### TASK GOAL
Verbatim reproduction of the entries is required; images must be omitted.

### RECORDS SUPPLIED
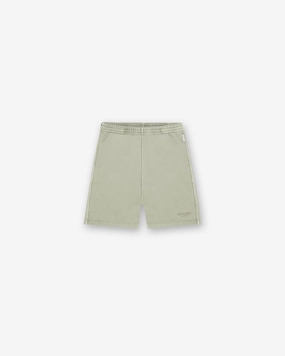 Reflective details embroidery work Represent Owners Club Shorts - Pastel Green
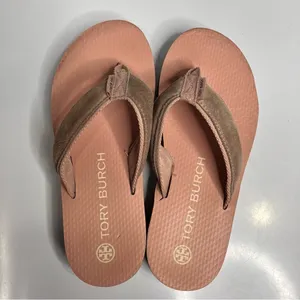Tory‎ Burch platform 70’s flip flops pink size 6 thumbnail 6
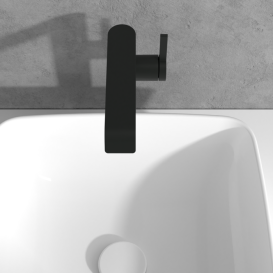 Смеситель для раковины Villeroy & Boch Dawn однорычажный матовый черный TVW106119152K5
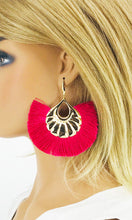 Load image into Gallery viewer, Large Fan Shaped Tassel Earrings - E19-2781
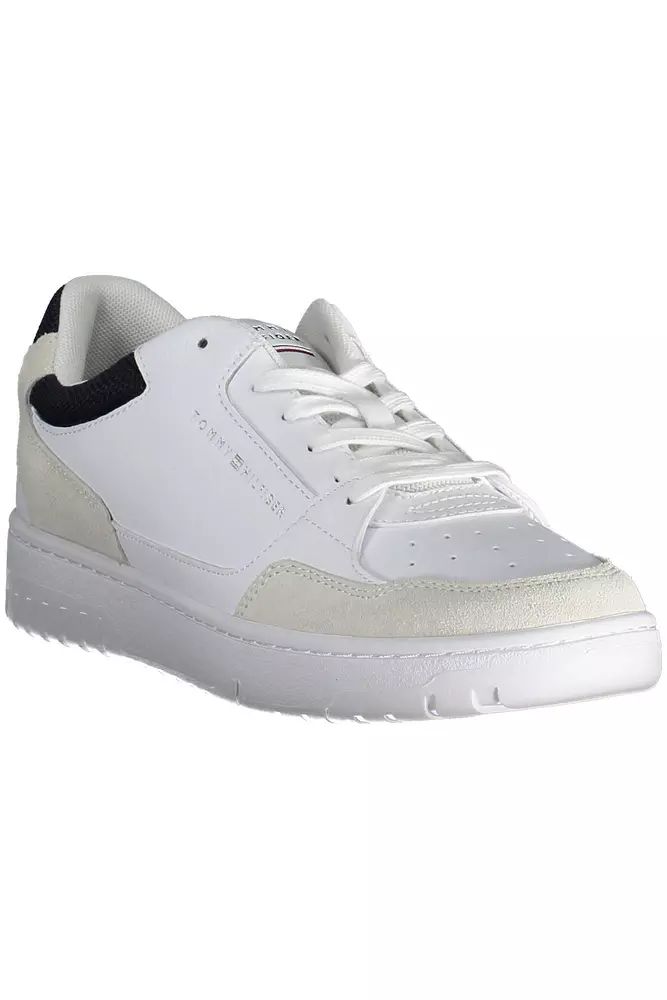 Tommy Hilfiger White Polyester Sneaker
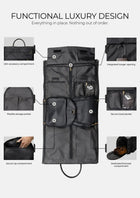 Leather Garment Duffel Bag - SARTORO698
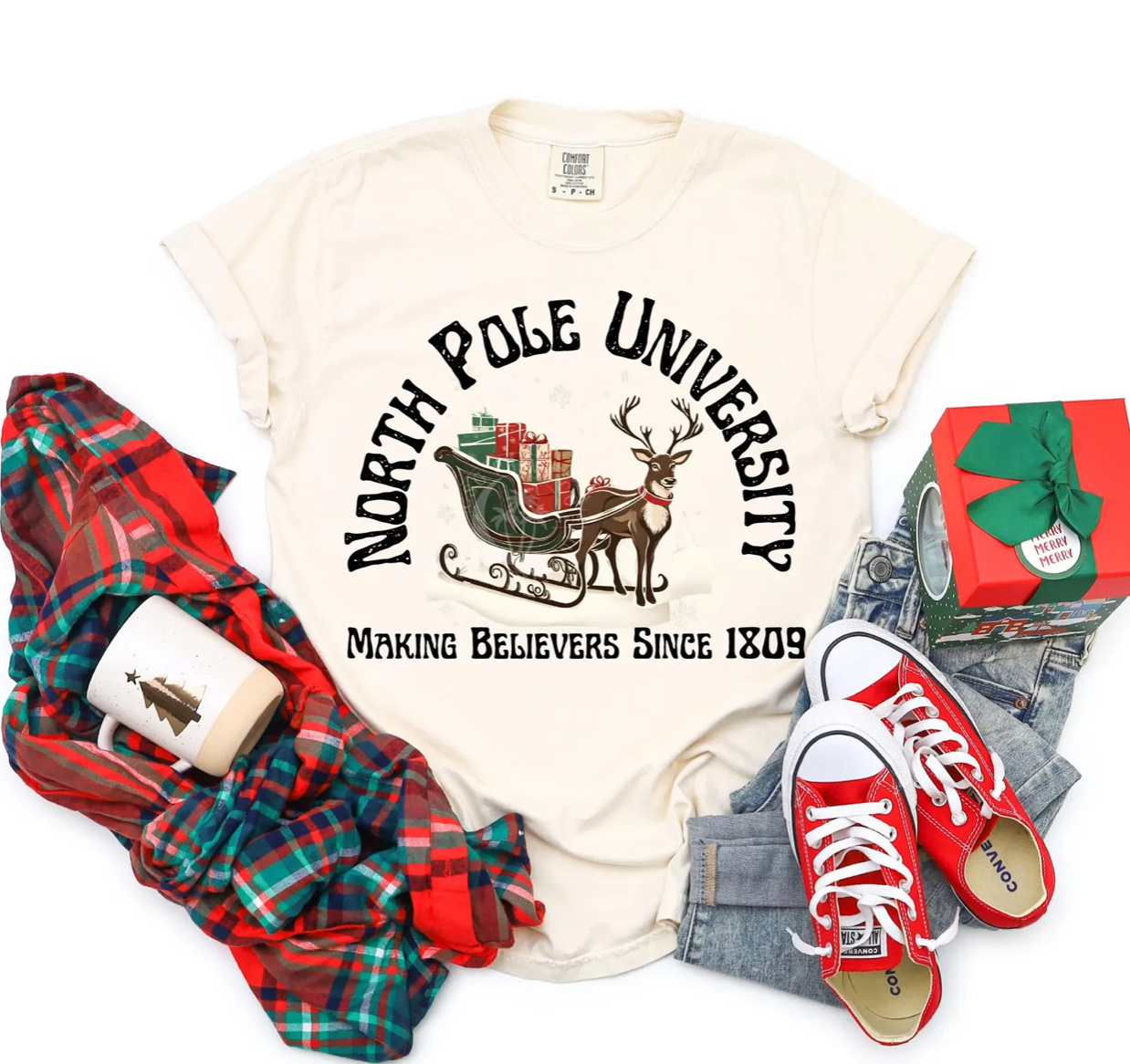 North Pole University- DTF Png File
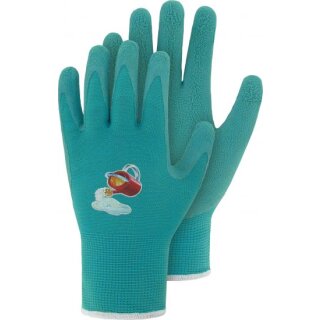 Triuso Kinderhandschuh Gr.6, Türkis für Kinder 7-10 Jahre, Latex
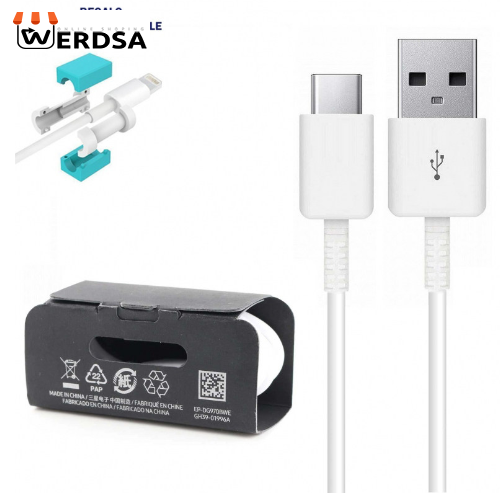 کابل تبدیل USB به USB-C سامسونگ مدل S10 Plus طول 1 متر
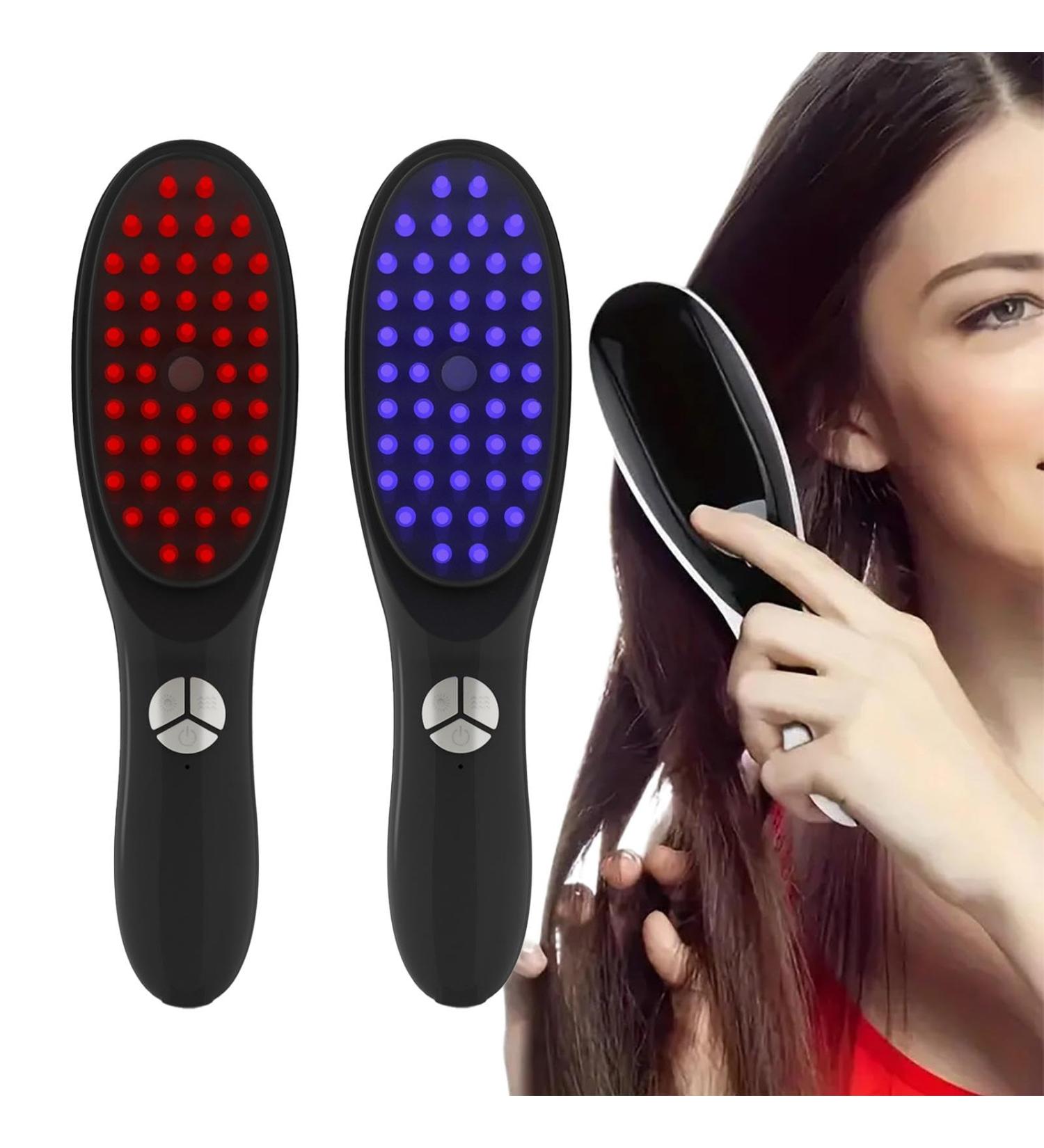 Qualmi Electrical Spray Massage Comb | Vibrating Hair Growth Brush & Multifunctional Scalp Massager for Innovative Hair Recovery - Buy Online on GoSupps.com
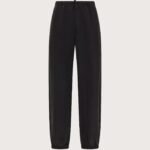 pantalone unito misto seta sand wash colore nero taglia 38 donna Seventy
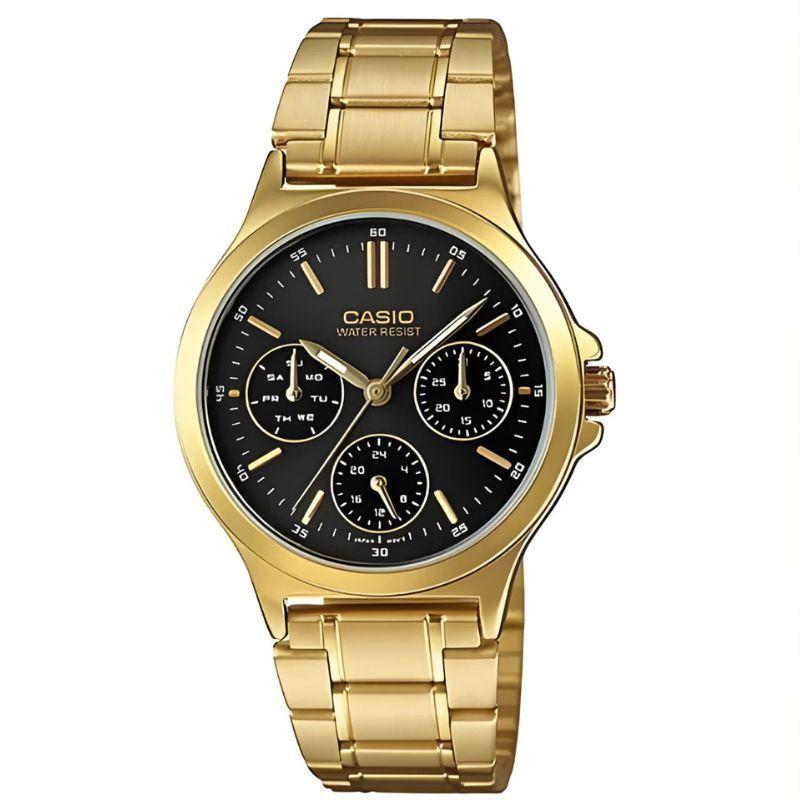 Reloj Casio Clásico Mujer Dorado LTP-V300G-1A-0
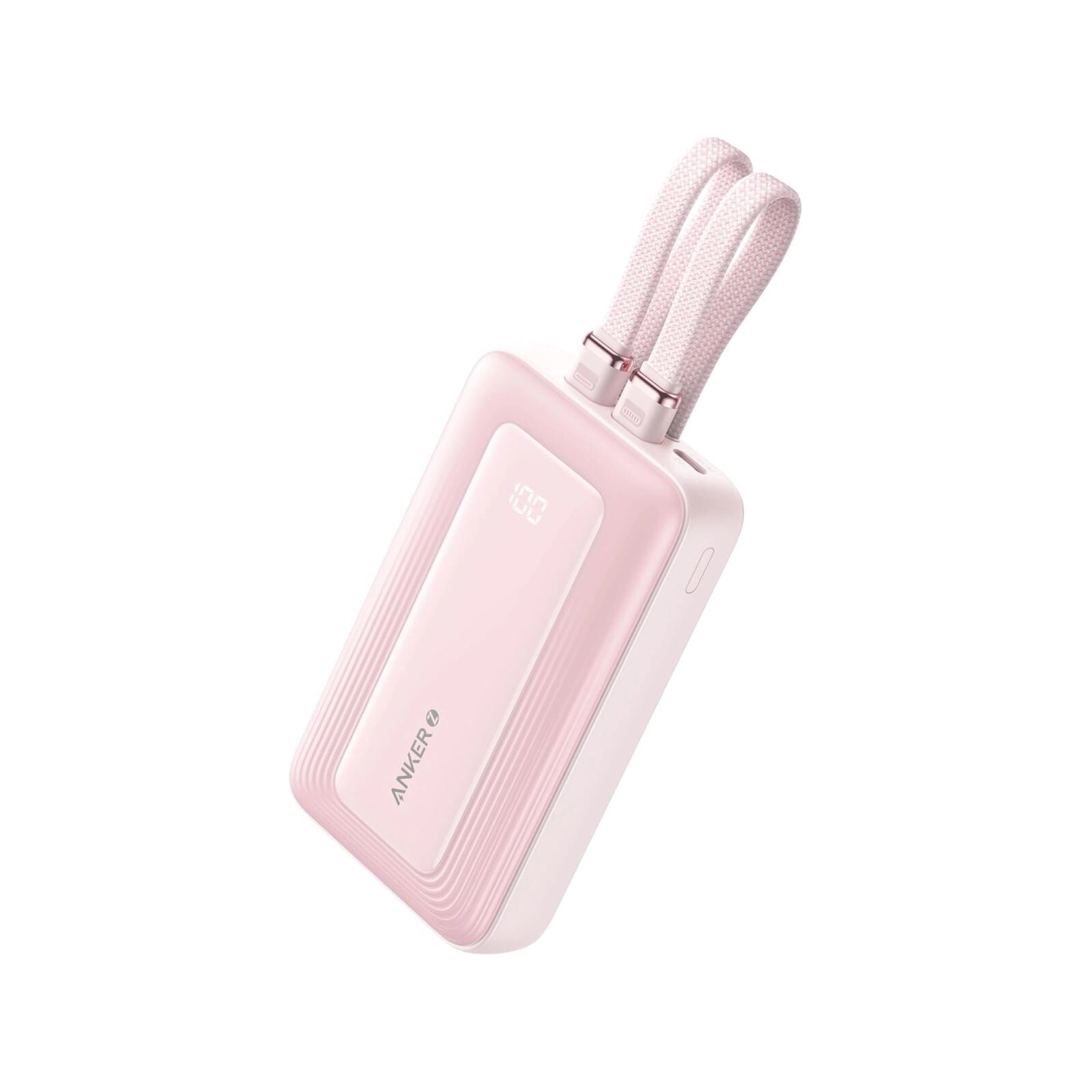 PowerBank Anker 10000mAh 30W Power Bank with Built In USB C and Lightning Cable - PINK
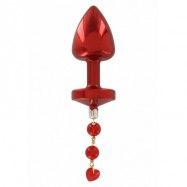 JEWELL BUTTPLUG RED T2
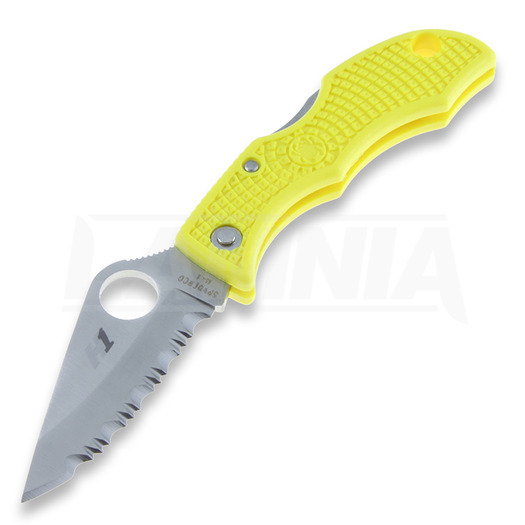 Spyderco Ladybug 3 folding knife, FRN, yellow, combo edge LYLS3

### WRITTEN ANSWER
 Reflective details embroidery work Represent Owners Club Shorts - Pastel Green
Tory‎ Burch platform 70’s flip flops pink size 6 thumbnail 6
 Смеситель для раковины Villeroy & Boch Dawn однорычажный матовый черный TVW106119152K5
 Load image into Gallery viewer, Large Fan Shaped Tassel Earrings - E19-2781
 Tommy Hilfiger White Polyester Sneaker
 Leather Garment Duffel Bag - SARTORO698
 North Pole University- DTF Png File
 Triuso Kinderhandschuh Gr.6, Türkis für Kinder 7-10 Jahre, Latex
 کابل تبدیل USB به USB-C سامسونگ مدل S10 Plus طول 1 متر
 Qualmi Electrical Spray Massage Comb | Vibrating Hair Growth Brush & Multifunctional Scalp Massager for Innovative Hair Recovery - Buy Online on GoSupps.com
 pantalone unito misto seta sand wash colore nero taglia 38 donna Seventy
 Reloj Casio Clásico Mujer Dorado LTP-V300G-1A-0
 PowerBank Anker 10000mAh 30W Power Bank with Built In USB C and Lightning Cable - PINK
 JEWELL BUTTPLUG RED T2
 Spyderco Ladybug 3 folding knife, FRN, yellow, combo edge LYLS3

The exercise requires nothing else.